The more likely threat to your safety on the trail is lack of preparation and inattention to general safety practices.

Don’t hike alone.

Especially for beginners, hiking with companions is safer than going it alone. Hiking with a group increases your level of safety and provides more support in the event of an emergency. Be as concerned for the safety of others as you are for yourself—a lost or injured hiker puts stress on the entire group and can increase risks.

Develop and rely on your own skill level.

Learn to read a map, use a compass, pitch your tent, light your stove, apply principles of backcountry first aid, treat water, dress appropriately for the weather, and distribute weight in your pack. You are safer, and your group is safer, when everyone can rely on individual as well group competence. (Beginner trips are the time to learn these skills. When you sign up for moderate and strenuous outings the leaders and your fellow hikers expect more proficiency. Even then, don’t be too proud to ask for help when you need it.)

Know your abilities and limits.

Your physical abilities and stamina are just as important to a safe and successful trip as backpacking skills.
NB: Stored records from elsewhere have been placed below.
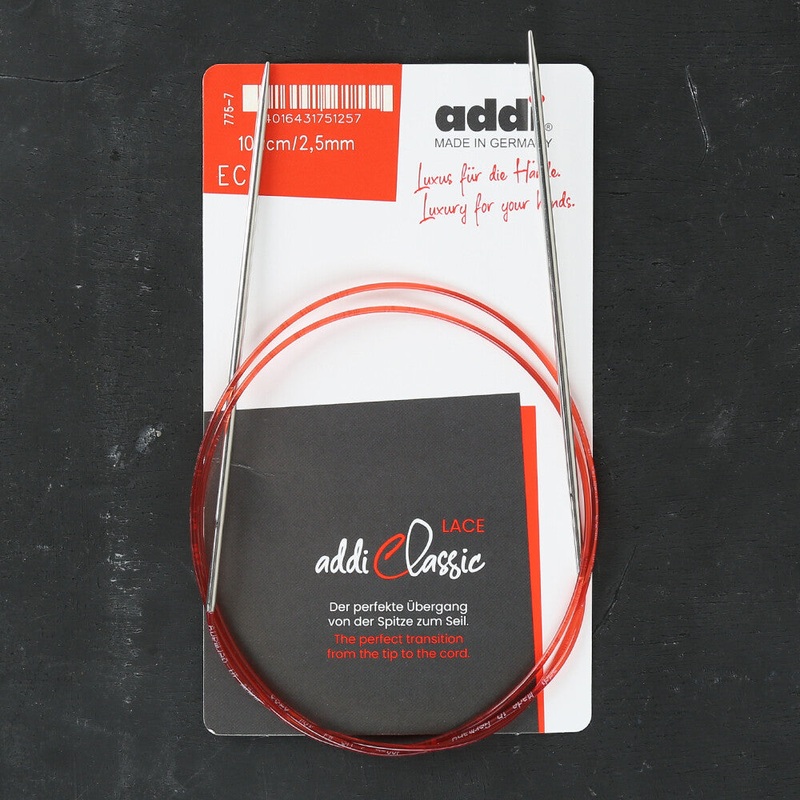 Addi 2.5mm 100cm Lace Circular Knitting Needle – 775-7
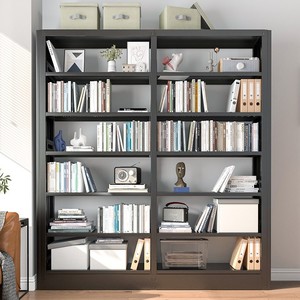 Estantería de Acero Fengdamei de Suzhou, Multinivel, de Pie, en Grisáceo Blanco, Negro y Blanco Puro, para Biblioteca, Hogar y Almacenamiento de Archivos - Product Image 3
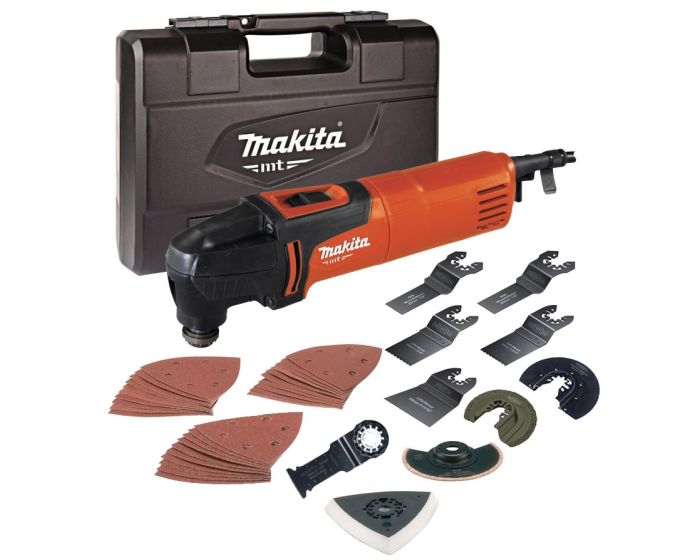 MAKITA MT SERIES MULTI TOOL KIT WITH ACCESSORIES 240V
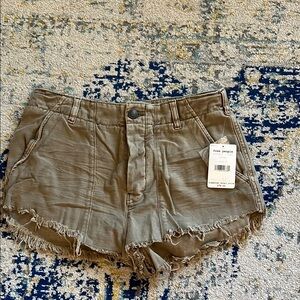 Free People Women's Tan Shorts
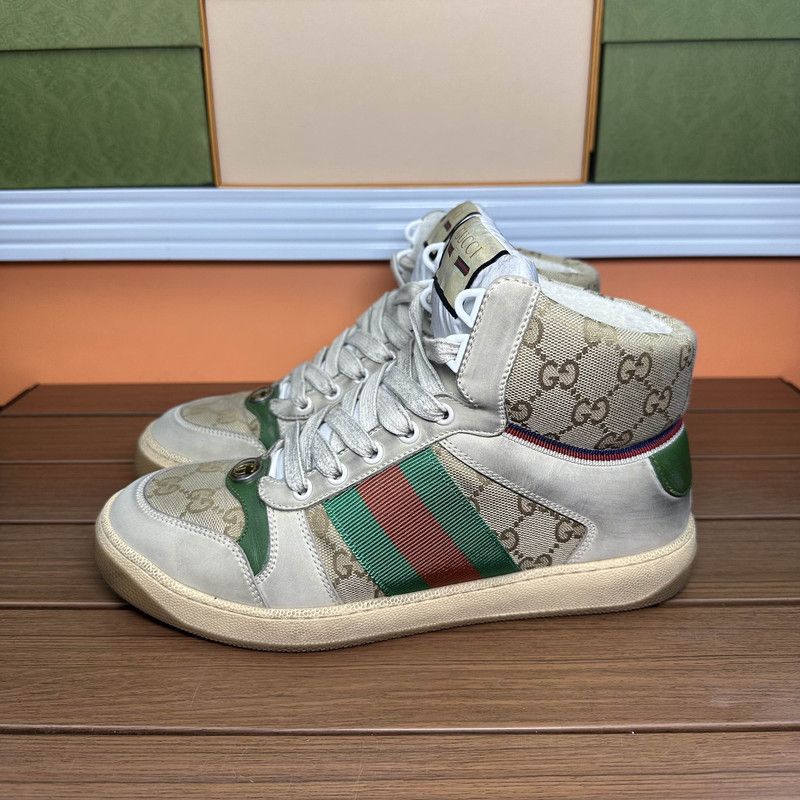 Gucci Gucci Screener Vintage Sneakers for Men 0079 Size US 8.5 / EU 41-42 - 1 Thumbnail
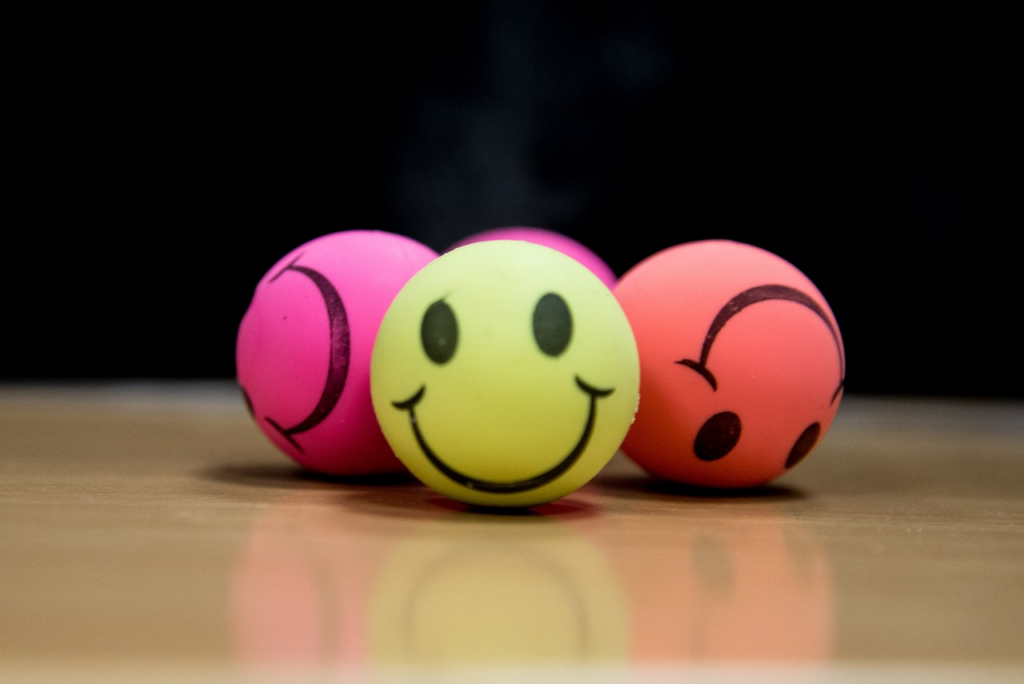 smiley face stress balls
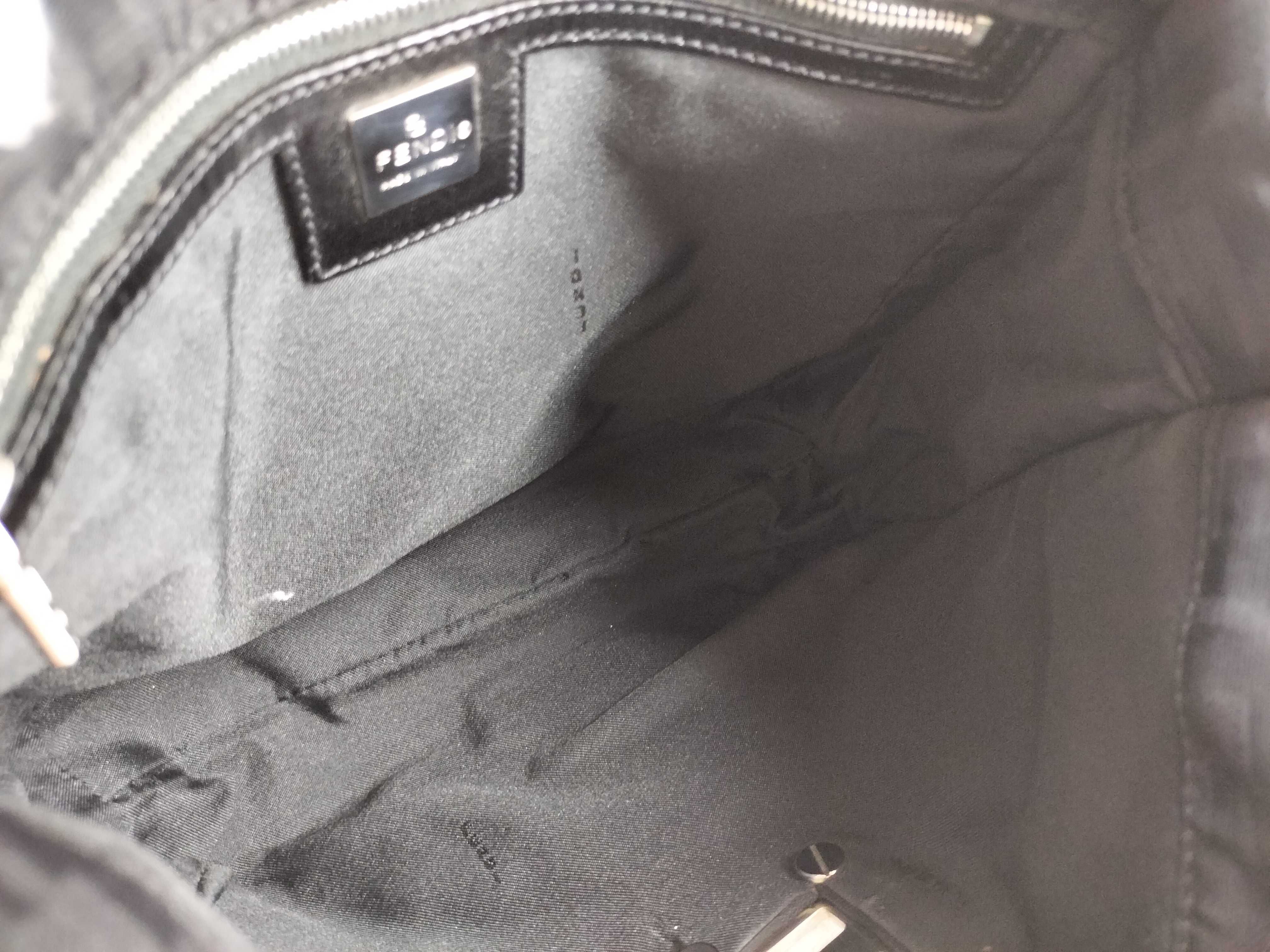 Zucca pattern tote bag, black handbag — view 10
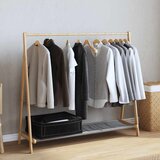  Stalak za odjeću s policama 106x34x102 cm od bambusa | shoptok.hr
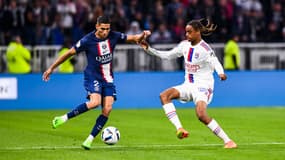 Bradley Barcola lors de PSG-OL, le 18 septembre 2022.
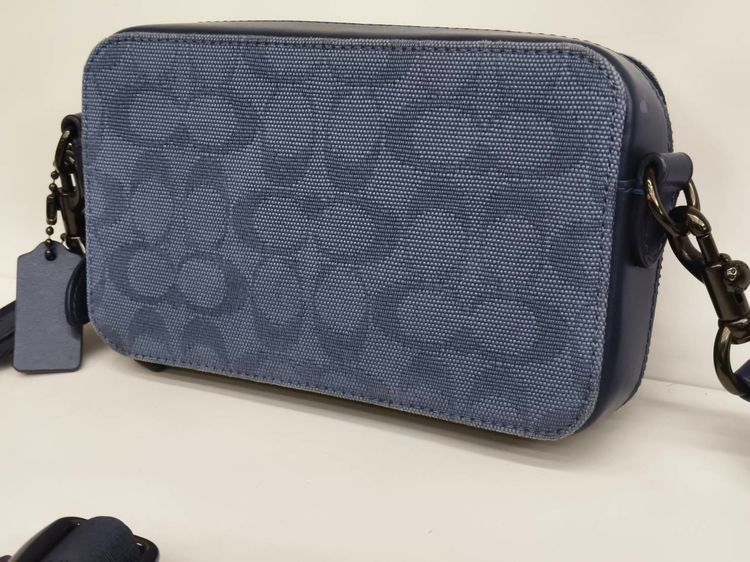 Coach Crossbody Signature Jacquard พร้อมกระเป๋าเหรียญ + ใบเสร็จ Shop แท้ รูปที่ 13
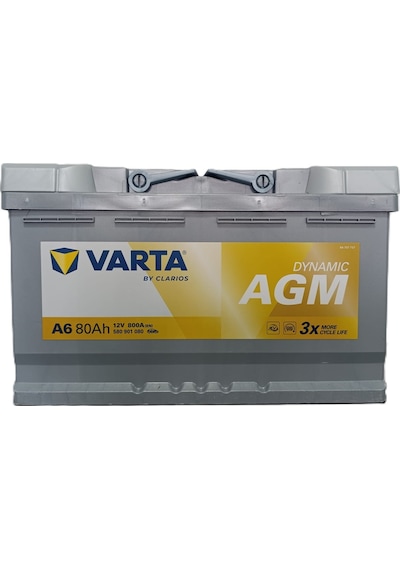 Varta 80 Ah. 800a En Start Stop Agm Üretim Tarihi:2026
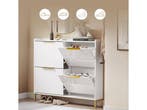 SoBuy FSR206-GW - Schoenenkast - Ultradun 19 cm - Hoogglans, Verzenden, Nieuw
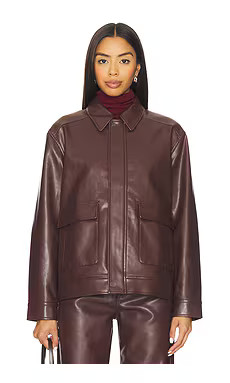Valerie Faux Leather Bomber Jacket
                    
                    PISTOLA | Revolve Clothing (Global)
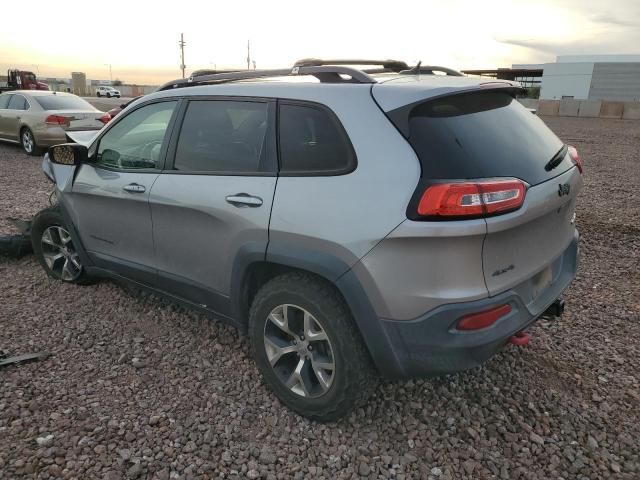 1C4PJMBS2EW189000 - 2014 JEEP CHEROKEE TRAILHAWK ვერცხლისფერი ფოტო 2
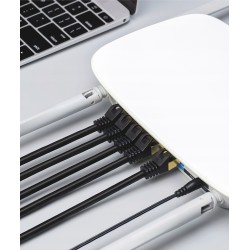 KABEL SIECIOWY LAN ZŁOTY MIEDŹ KAT 7 SFTP 10G 1,5m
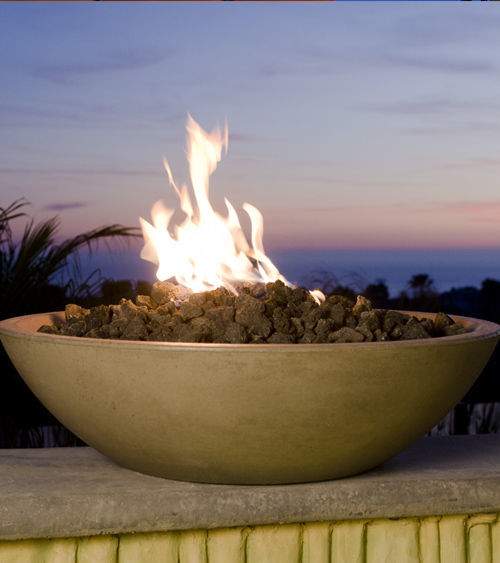 American Fyre Designs 24" Marseille Round Fire Bowl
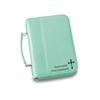 Personalized Mint Green Leather Bible Cover - Small
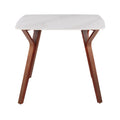 Carson Carrington Sala Dining Table Featuring a Textured Marble Top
Assess the full breadth of your skills and abilities—don’t go on trips that surpass them; you will jeopardize your safety and the safety of those in your group. Graduate from beginner, to easy, to moderate, to strenuous trips as your capabilities increase.

Stay found.

To avoid getting lost in the first place, read and understand the route map before leaving the trailhead. Wait at trail junctions until your full group is present to set off in the correct direction. Keep others within sight. If you find yourself lost, STOP and STAY where you are. Let your group find you, rather then looking for them. A sitting target is easier to find than a moving one. Always keep emergency gear and water with you in case you are lost over night.

Leave behind your itinerary.

Leave names and phone numbers of trip leaders and ride-share partners as well as the trip itinerary with friends or family. If you fail to return, the more time they have to spend sleuthing where you might be, the more at risk you are.

Don’t leave valuables in the car.

Whether it’s your car at the trailhead or someone else’s, don’t leave valuables. Don’t temp thieves by leaving extra clothing and gear visible in an unattended vehicle. Don’t take more money on the road than you will need; never leave your wallet in the car.

Read the trip write-up—ask questions if you do not understand.

Know what you are getting into before you go on a trip. The write-up will tell you where and when you are going, the level of difficulty, food and water requirements, expected temperature range, and other useful information to prepare for your outing. If it is missing a piece of information or is unclear, call the leader and ask questions.

Be assertive.

The more you speak up for yourself, the less vulnerable you are. Whether the issue is your safety, your security, your well being, or that you just need a potty break, communicate with your trip leader and hiking companions.